CHANGCHUN, Aug. 11 -- Rule a huge country like China requires effective governance.

One that has been used more often than ever over the past five years is to send inspection teams to ensure that policies transmit smoothly from the very top to the public.

State Council inspection teams have just returned from checking whether local governments were following cabinet orders to cut red tape, lower administrative cost for businesses and provide incentives to start-ups, among others.

Inspectors visited companies, communities and city halls, and held talks with entrepreneurs, researchers and lower-ranking cadres. Hotlines were set up to hear anonymous complaints.

In Jilin Province, inspectors learned from a leasing firm's financial executive that start-up companies need permission from the People's Bank of China before they can open a bank account.

The 15-day process is time-consuming as many other business approvals have been abandoned or are moving much faster.

Gao Yong, a mid-level inspector with the Ministry of Land Resources, consulted the local branch of the People's Bank of China.

"When we realized that the local government couldn't solve the problem, we decided to take it to the State Council," Gao said.

The State Council will investigate the issue at the national level and find out it if necessary, Gao said.

The inspectors also made a surprise visit to the county of Lishu, for example, following the complain from a member of the public about fees. While they were there, they met local entrepreneurs and listened to their difficulties in getting loans.

"Reform has entered a critical period. Inspections ensure that policies are enforced," said You Jun, head of the Jilin inspection team.

Jiang Chunli, the boss of a food trading company in Lishu, was one of those the team spoke to.

He said the top-down inspection by the State Council would help leading officials understand how their policies were working and hear the "real voices" of those at the sharp end.

Inspectors found plenty of problems.

A steel-maker in Hunan Province was found to be still churning out steel bars, flagrantly flouting a production ban, while many factories nationwide had been ordered to close for making inferior products.

The Hunan factory has now been closed and some officials have been sacked.

To give the inspection teeth, the State Council has promised extra commendations and resources -- funds, projects and land -- for local governments that are doing well.

The State Council launched this kind of inspection in 2014, following the long-standing practice of the Communist Party of China Central Commission for Discipline Inspection (CCDI). Corrupt officials now live in fear and tremble in front of the discipline agency.

Since late 2012, there have been twelve rounds of CCDI inspection. All entities -- Party and government departments, state-owned enterprises, central financial institutions and centrally-administered universities -- have been put under disciplinary microscope.

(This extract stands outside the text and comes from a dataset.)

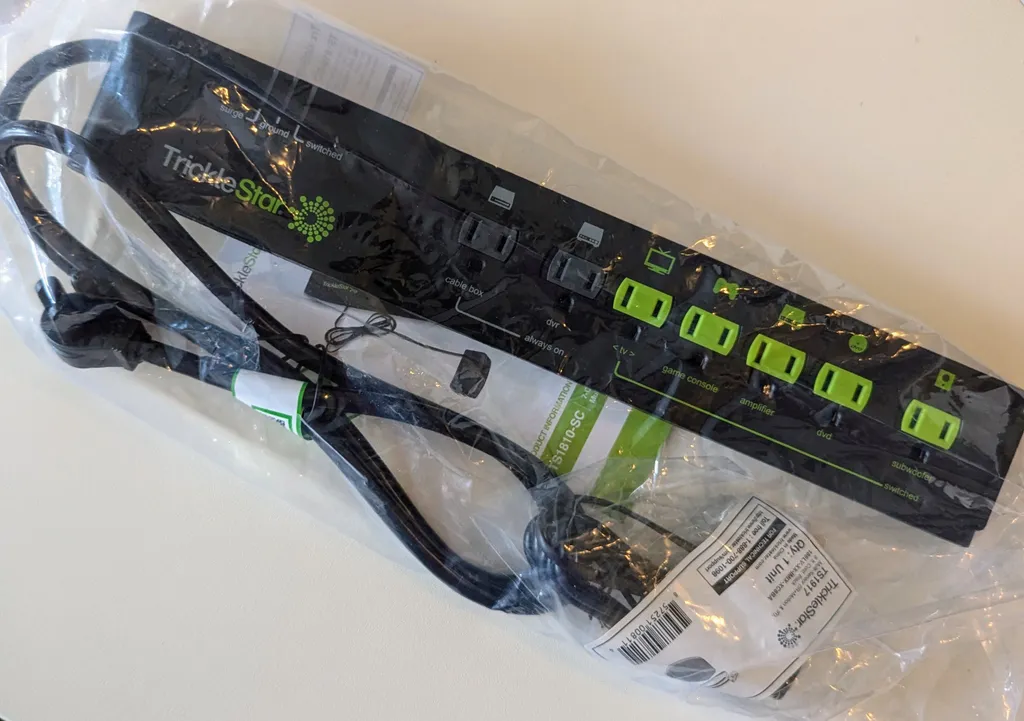 Smart powerbar with sensor - BNIP photo 1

The high-frequency of inspection shows one aspect of the relentless anti-graft campaign. In the past five years, 50 percent of investigations into central officials came through the findings of CCDI inspectors.

Environmental inspectors are also making the headlines.

They have pursued businesses and entities which break environmental laws, strengthening otherwise weak local environmental protection agencies.

The inspection system has proven effective in preventing graft and in protecting the environment, and is expected to be used more extensively.